Anne Of Green Gables, My Daughter & Me: What My Favorite Book Taught Me About Grace, Belonging & The Orphan In Us All: A Memoir, by Lorilee Craker
[Note: This book was provided free of charge by Tyndale Books in exchange for an honest review.]
I find it curious that this sort of book should be written fairly often these days  but that it should be written, at least from what I have seen so far, nearly exclusively by women. I know of no one, for example, who seeks to travel to India to go on a pilgrimage to the sites of the Jungle Book, or to Congo for a travel memoir of Heart of Darkness, or even an examination of rural Mississippi for Falkner’s tales, although these would no doubt also be worthy memoirs, but instead it is women authors who have decided to run with the idea of writing about how their own lives intersect with their favorite novels. Like the other books I have read, this one has relevance to me in unsettling ways, some of which I must leave to readers of the book to uncover, and some of which are worthy of discussion here. For one, this book is a tearjerker about the shared experiences as an orphan (often with poor fathers) between the author, her adopted Korean daughter (both of whom were born out of illegitimacy), and the experiences of Anne Shirley (better known as Anne of Green Gables) and her author, Lucy Maud Montgomery.
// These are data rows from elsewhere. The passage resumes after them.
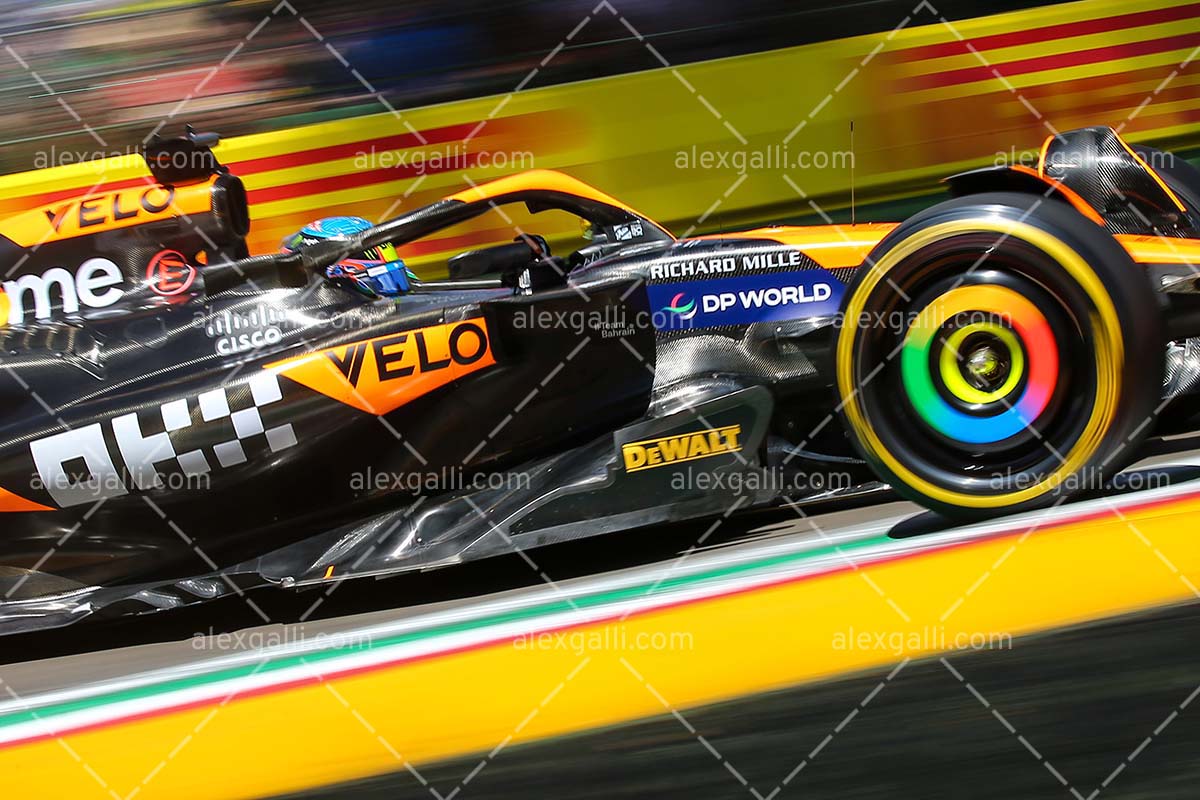 F1 2024 - Oscar Piastri - McLaren - 240047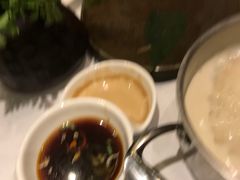 -红鼎豆捞·非遗鲍皇汤火锅(宝丰路店)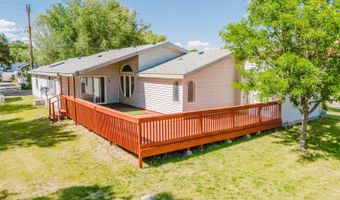 222 8th St, Carlin, NV 89822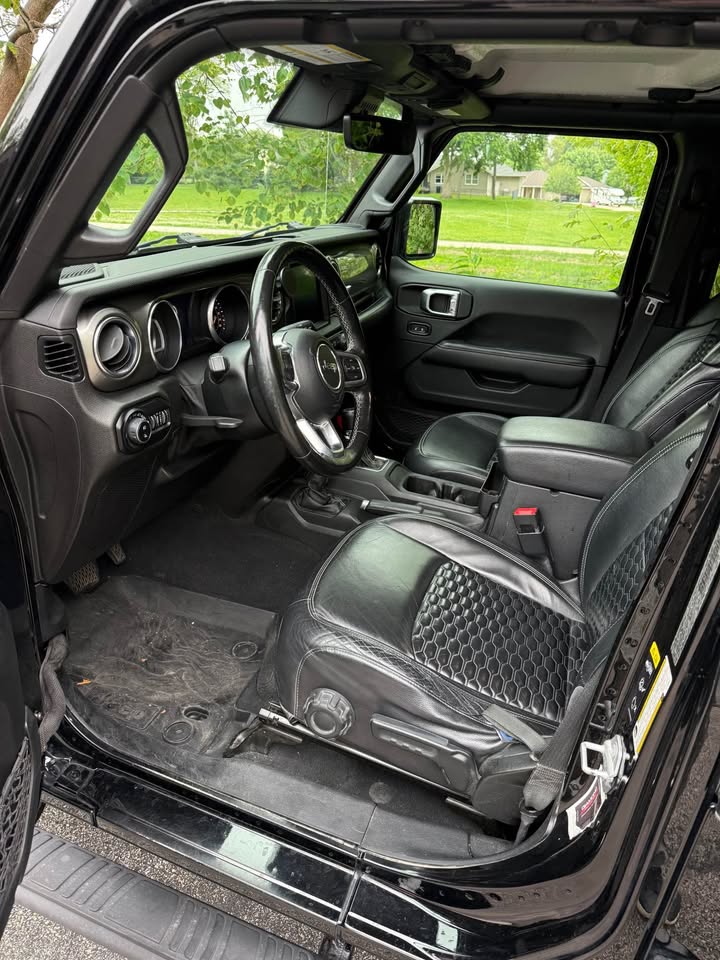 2020 Jeep Gladiator · Overland Pickup 4D 5 ft in Colona, IL (photo 8) — photo 8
The book itself is somewhat haphazardly organized, but its contents are likely to appeal to those who appreciate Anne of Green Gables or who have a soft spot in their hearts for waifish people who are full of energy and good intentions but are somewhat clumsy and awkward in their execution, and prone to being painfully misunderstood and yet unceasing in their efforts to win over others through friendliness and sheer goodwill. This book, which focuses on two of the Montgomery novels (Anne of Green Gables and Anne of the Island), also examines what makes Gilbert so dreamy, what makes her foster father Matthew such a wonderful adopted father, and explores the horrors of catty mean girls and the importance of finding bosom friends as well as understanding spouses. The book manages to weave together the narratives of the author and her attempts to get in touch with her birth mother and father (the father comes off very badly here), the narrative of her adopted daughter, who was given up for adoption by her unmarried South Korean mother, whose father was not a very honorable man either, apparently, as well as the story of the orphan Anne and the orphan Lucy Maud Montgomery, whose father continually failed her and whose life of torment ended in an accidental drug overdose that was also a potential suicide.
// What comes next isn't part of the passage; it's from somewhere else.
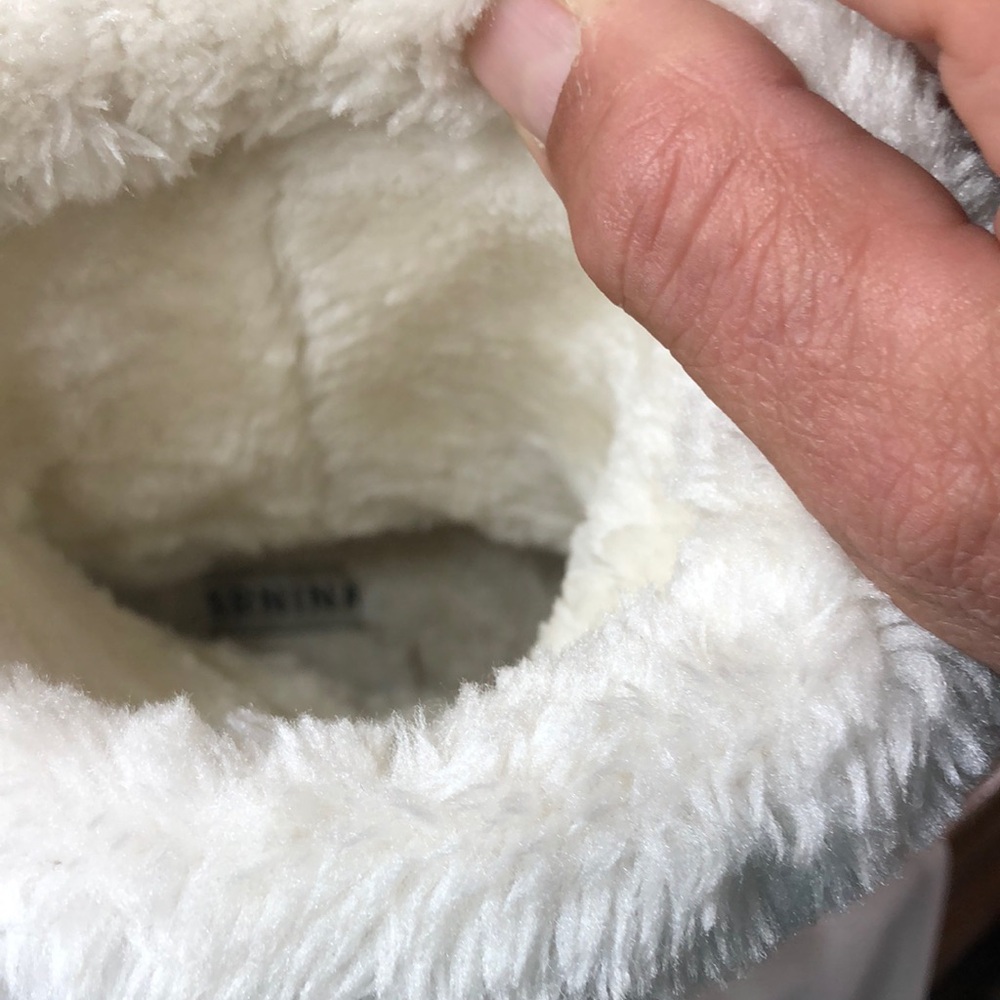 Cozy White Fur-Lined Boots - Picture 16 of 16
Over and over again this book is full of a longing for love, of the love of parents, of the love of children, of loving friends and fellow writers, of spouses, and of the love of God. The author is honest, painfully honest, about her own struggles, her own follies, and her own dramatic life experiences. It is clear that her own life and the love she was able to receive from her adopted parents was able to help overcome what could have been some serious shortcomings. Her struggles to find peace of mind and to help other strangers and outcasts of the world as she was helped by her own adoptive parents are easy to relate to, and her writing is moving and clear. Her love as a mother is also fierce and strong, and it is clear that she has been loved enough to be able to love others well. As is often the case with a book like this, the last words of the book say a lot about the message that the author wants to send, and in this case it is a very worthwhile one: “I can tell her she’s worth fighting for. I can tell her that our cracked stories don’t have the last word, not by a long shot. Baby girl, believe that the best things like around the bend in the road. Stay fascinated with the road beyond. Speak in your own tongue and minister to the needs of humanity. Never forget. I can tell her that our heart-bones are healing because we belong to Jehovah Rapha. He said that there could be a better way; that all things could be made new. Everyone wants to feel secure and wanted. We all want to belong. He said he would not leave us as waifs on the street; He comes for us. He never forgets the children whose names are written in the palm of His hand. God makes us belong. He is enough. At every bend in the road, our Father is waiting for us, reaching out His arms. And we are orphans no more.” This is a book to read, to treasure, but it is a book full of the sadness of melancholy longing, full of the tears of love for broken people in a broken world that many of us shed for ourselves and others, even when they cannot see our concern.